[Start of section]

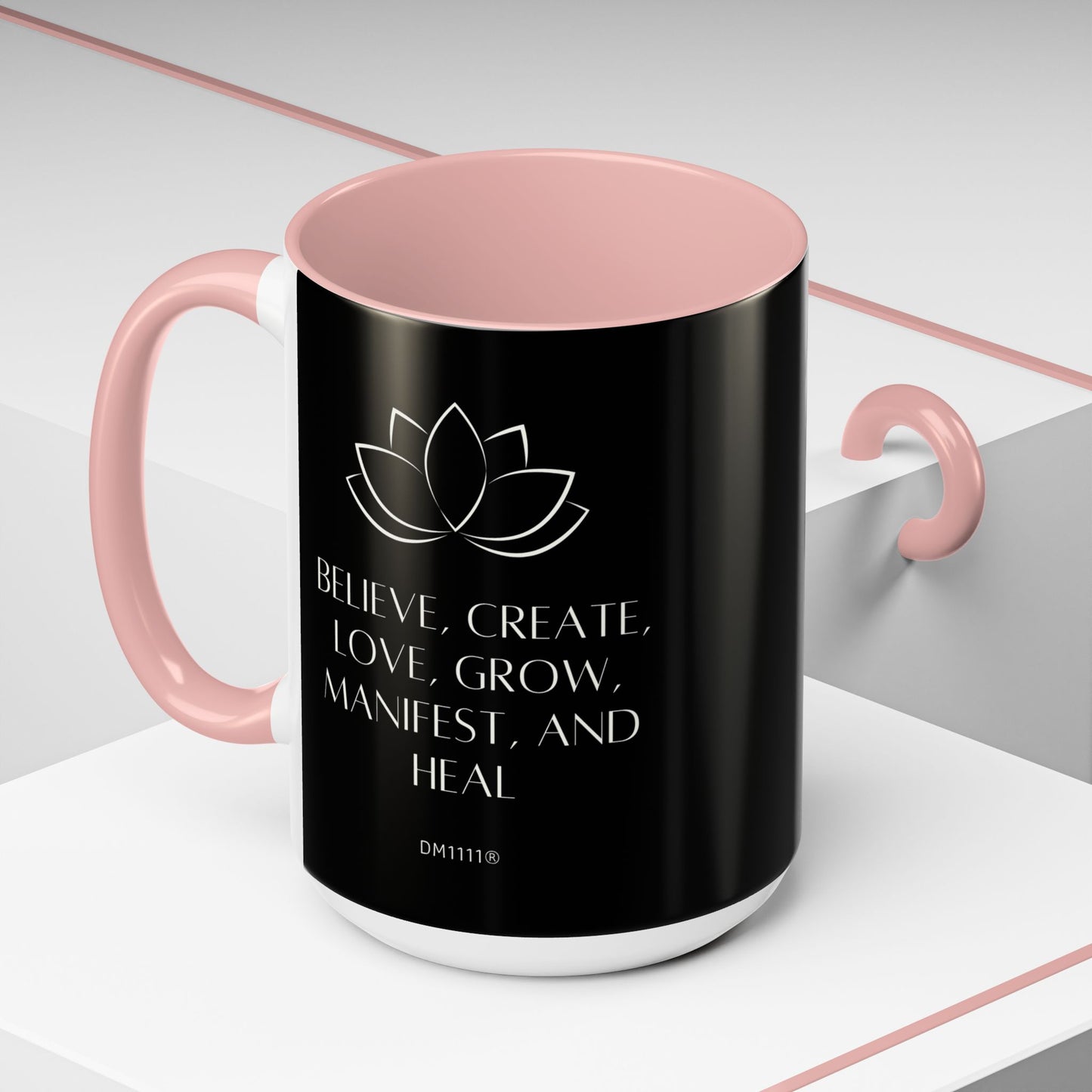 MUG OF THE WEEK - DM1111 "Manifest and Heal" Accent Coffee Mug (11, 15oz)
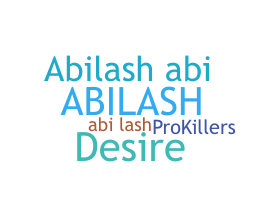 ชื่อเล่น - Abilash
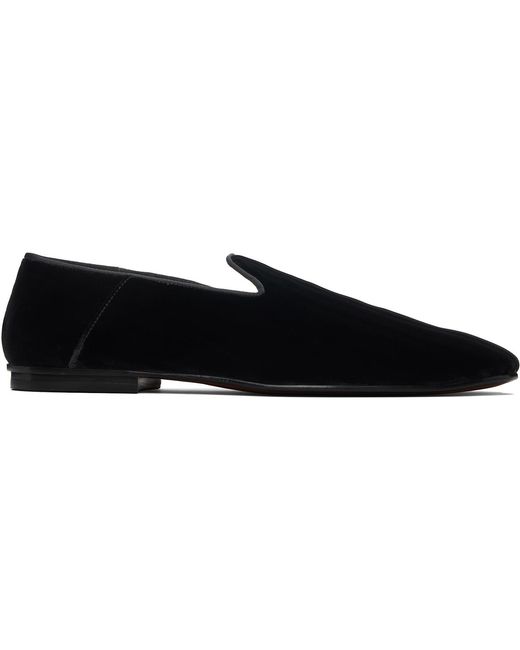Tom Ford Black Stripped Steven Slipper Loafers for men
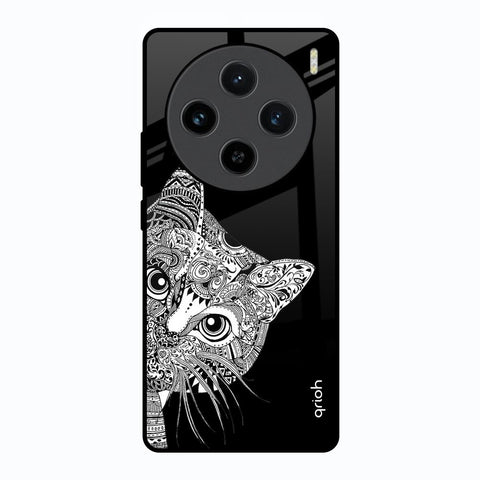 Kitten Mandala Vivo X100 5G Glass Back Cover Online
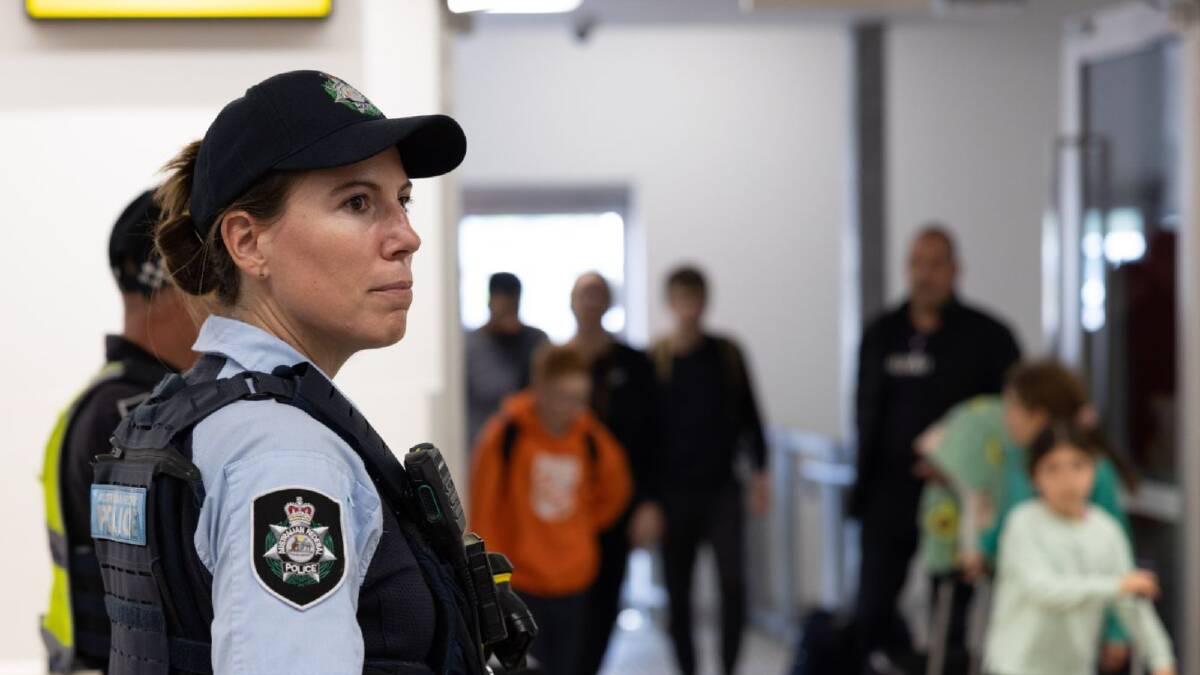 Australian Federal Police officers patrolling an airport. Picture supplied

[End of section]

> _Assignment_: Repeat the records exactly but leave out the images.

> _Expected output_:
 MUG OF THE WEEK - DM1111 "Manifest and Heal" Accent Coffee Mug (11, 15oz)
 ชื่อเล่น - Abilash
Tom Ford Black Stripped Steven Slipper Loafers for men
 Kitten Mandala Vivo X100 5G Glass Back Cover Online
 Australian Federal Police officers patrolling an airport. Picture supplied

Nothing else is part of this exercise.